The data center is located in the North Sea near the UK’s Orkney islands and is fully powered by renewable energy. Microsoft says there are many good reasons for drowning a data center.
First, nearly half the world’s population lives within 150 km (120 miles) of the ocean and that having data centers close to computing hubs means smoother web surfing and less back and forth between users and servers.
Cool oceans mean no extra energy
Oceans also provide consistent cool temperatures which is essential for a data center to run well, cooling down data centers is what costs its operator (and the environment) heavily, so removing that cost makes sense too. The Project Natick data center consists of 864 servers tightly arranged inside a shipping container that sits 12km off the coast.
This is a really small data center but the number of servers should be enough to provide Microsoft with data to see if scaling up the project makes sense.
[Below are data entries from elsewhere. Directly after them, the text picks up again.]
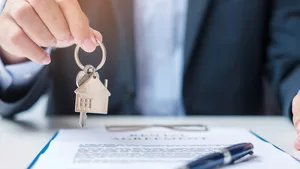 Договор купли-продажи жилья необязательно заключать у нотариуса. Что нужно знать о сделке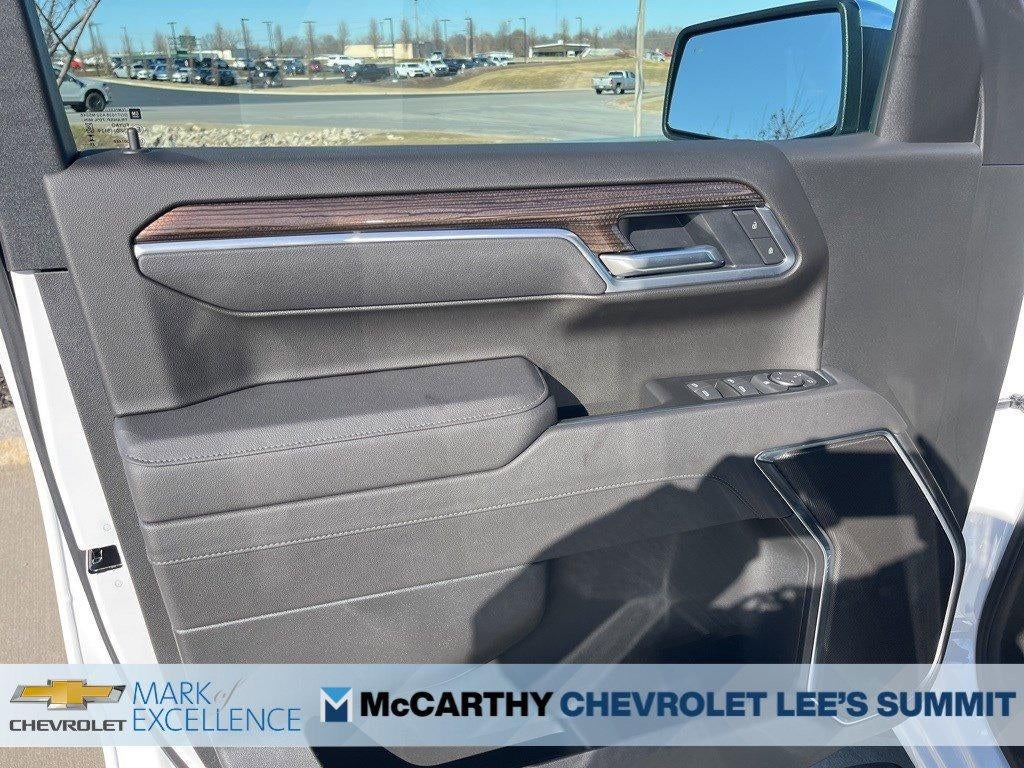 2026 Chevrolet Silverado 1500 Crew Cab Short Box 4-Wheel Drive LT 1LT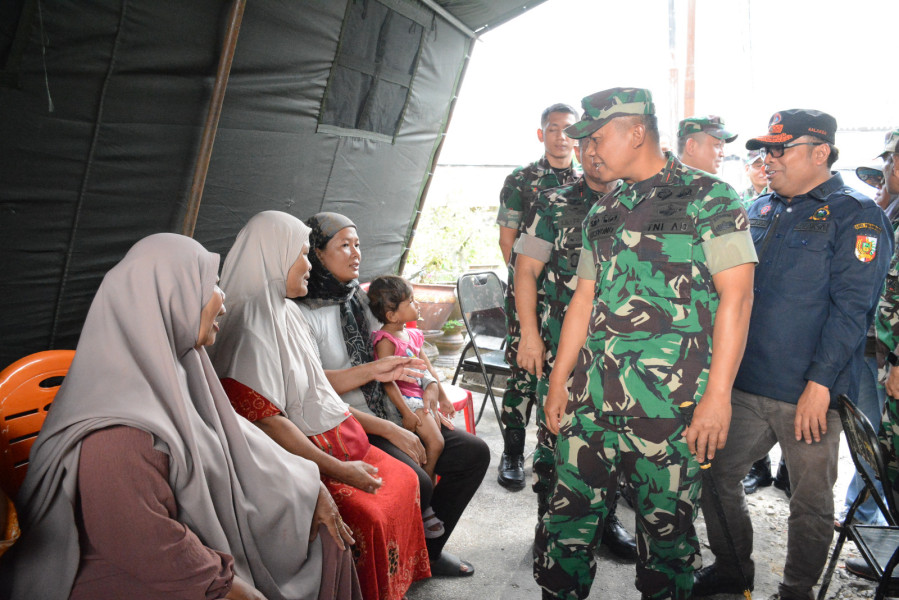 Danrem 031/WB Beri Dukungan Moril dan Materil untuk Warga Terdampak Banjir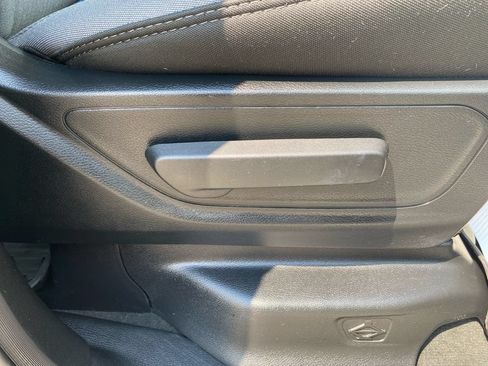 Used 2020 RAM 1500 Big Horn AWD/4WD image 12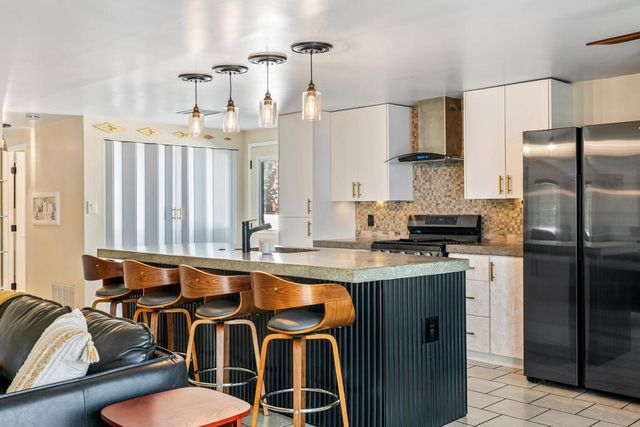 11 Ocotillo Lane, Palm Desert, CA 92260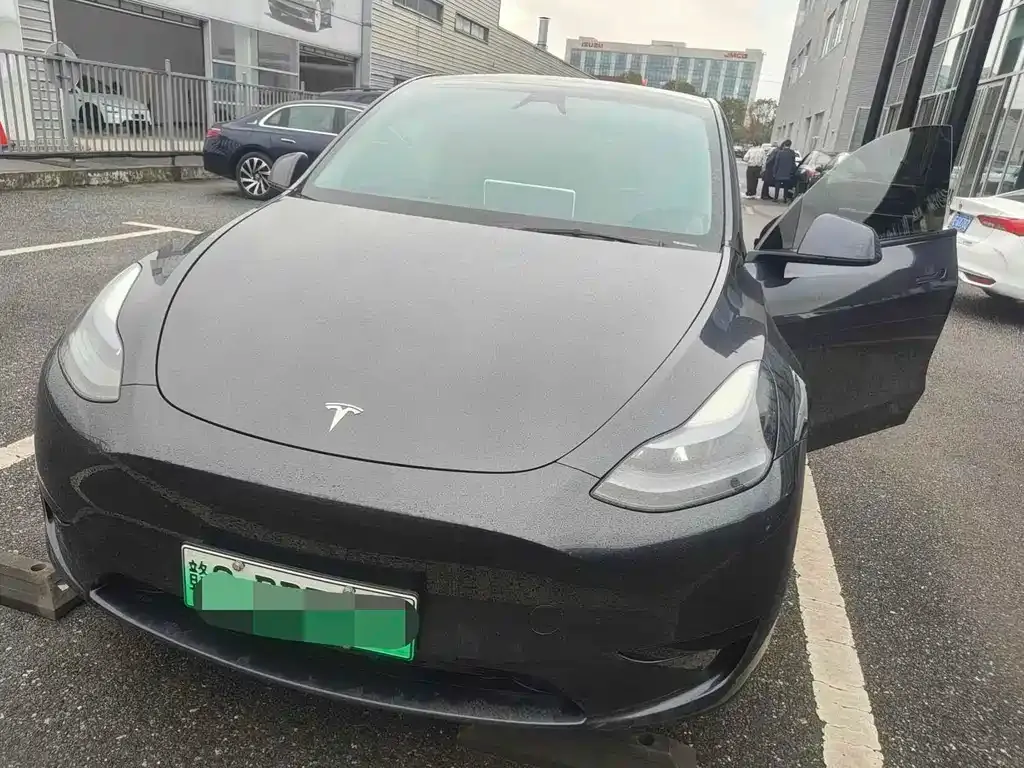 Tesla Model Y 2024 из CN, фото 5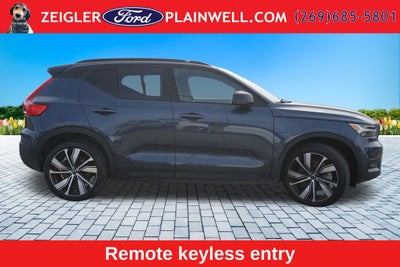2022 Volvo XC40 Recharge Pure Electric P8 Plus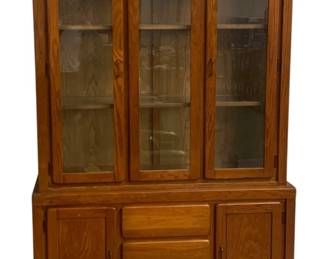 6254 - Vintage Bassett Mid-Century China Cabinet (Description): 2 Piece Cabinet, Wood Repeling on side - 77 x  50 x 17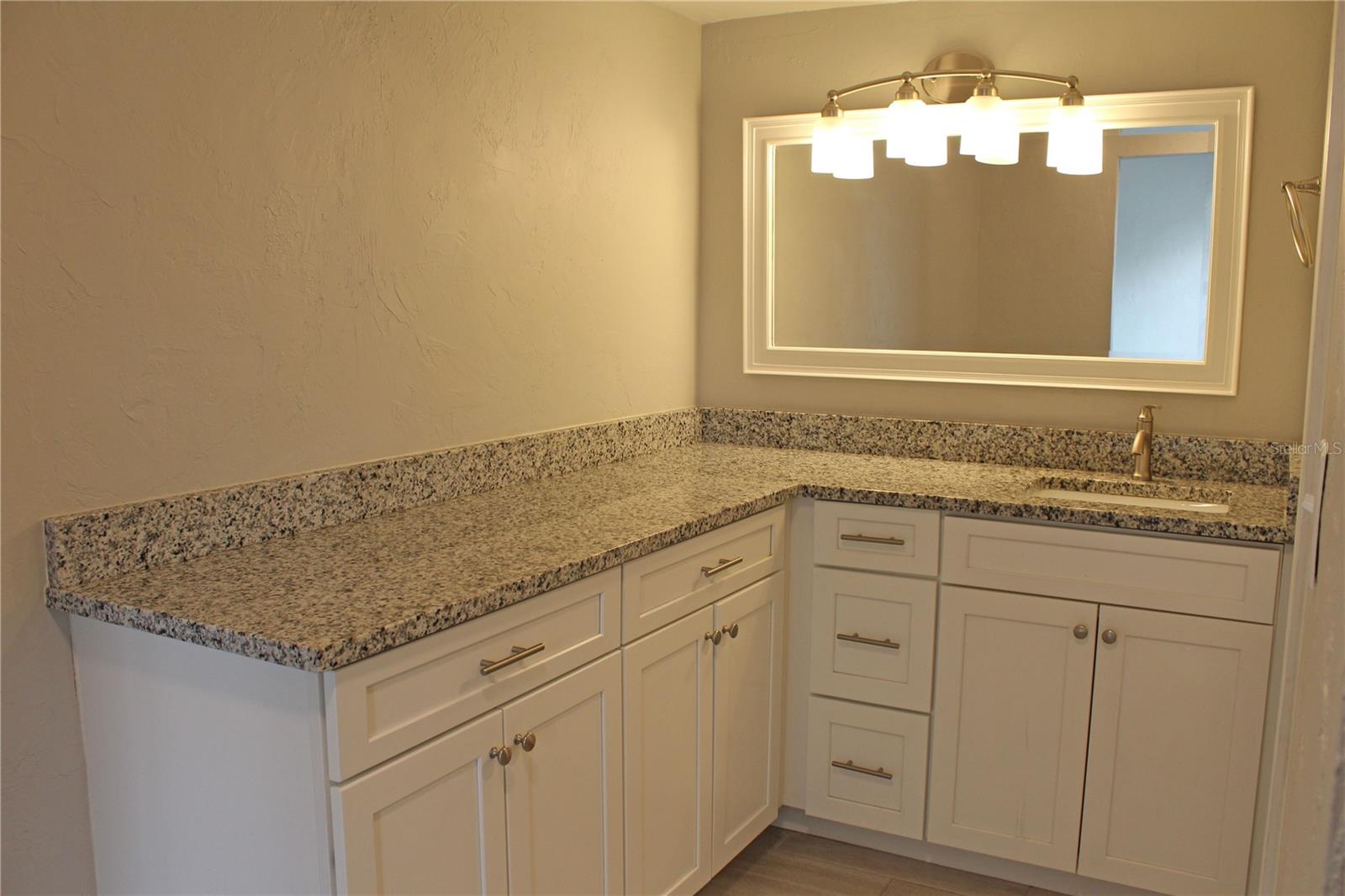 Image 24 of 41 For 1836 Crystal Lake Drive 54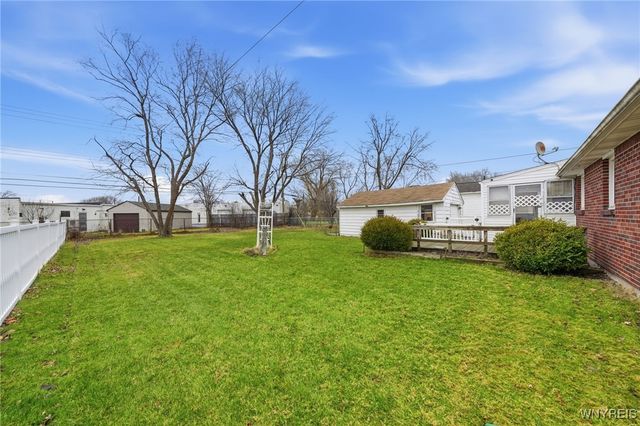 238 Desmond Drive, Tonawanda, NY 14150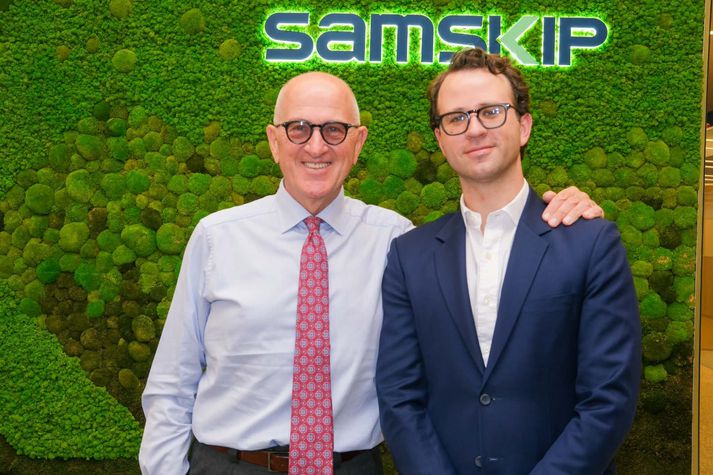 Ólafur Ólafsson, fyrrverandi eigandi Samskipa, og Ólafur Orri Ólafsson, forstjóri Samskipa.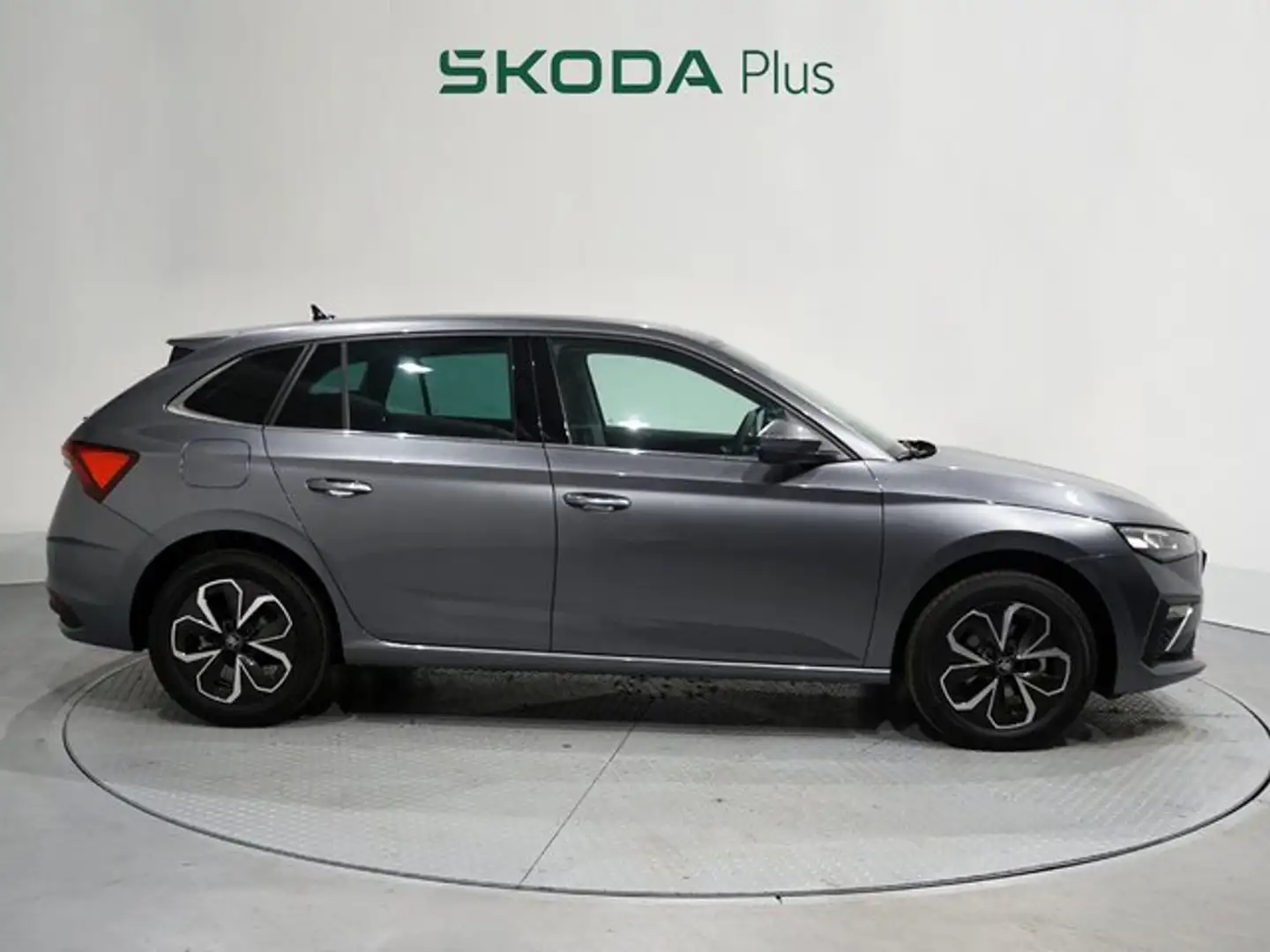 Skoda Scala 1.0 TSI Selection 85kW Gris - 2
Microsoft says they will operate Project Natick for a test period of a year.
Initially, the system's batteries will undergo a series of tests and then the system's humidity levels, noise creation and temperatures will also be monitored. If the data center is operating well, Microsoft says it will keep the project open and allow customers to use the facilities.
Whole data center operated on 100% renewables
The project is located on land owned by the Scottish Government off the coast of the Orkney islands. This area generates 100% of their energy from wind, solar, and tidal sources which mean the Microsoft data center is running totally on renewables via an undersea cable.
Not only does it not require any additional energy to cool the center, the power it does draw is not contributing to climate change. Currently, Project Natick sits on sea bottom owned by the Scottish government, but the data center is designed so it can be delivered where it’s most wanted.
The Natick Project is just one of a series of efforts by Microsoft to embrace environmental sustainability. In March it announced it would be buying 315 megawatts from two new solar projects in Virginia as part of the companies plan to power its global data centers with renewable energy.
Microsoft buys up big on solar energy
The tech giant called the deal “the single largest corporate purchase of solar energy ever in the United States.” The solar panel investment is one step towards Microsoft reaching its goal of powering its operations with 60 percent renewables by 2020.
Brad Smith, president of Microsoft described the deal saying: “Today, we’re signing the largest corporate solar agreement in the United States, a 315 megawatt project in Virginia that will move us ahead of schedule in creating a cleaner cloud,” said Brad Smith, president, Microsoft. “This project means more than just gigawatts, because our commitment is broader than transforming our own operations; it’s also about helping others access more renewable energy.”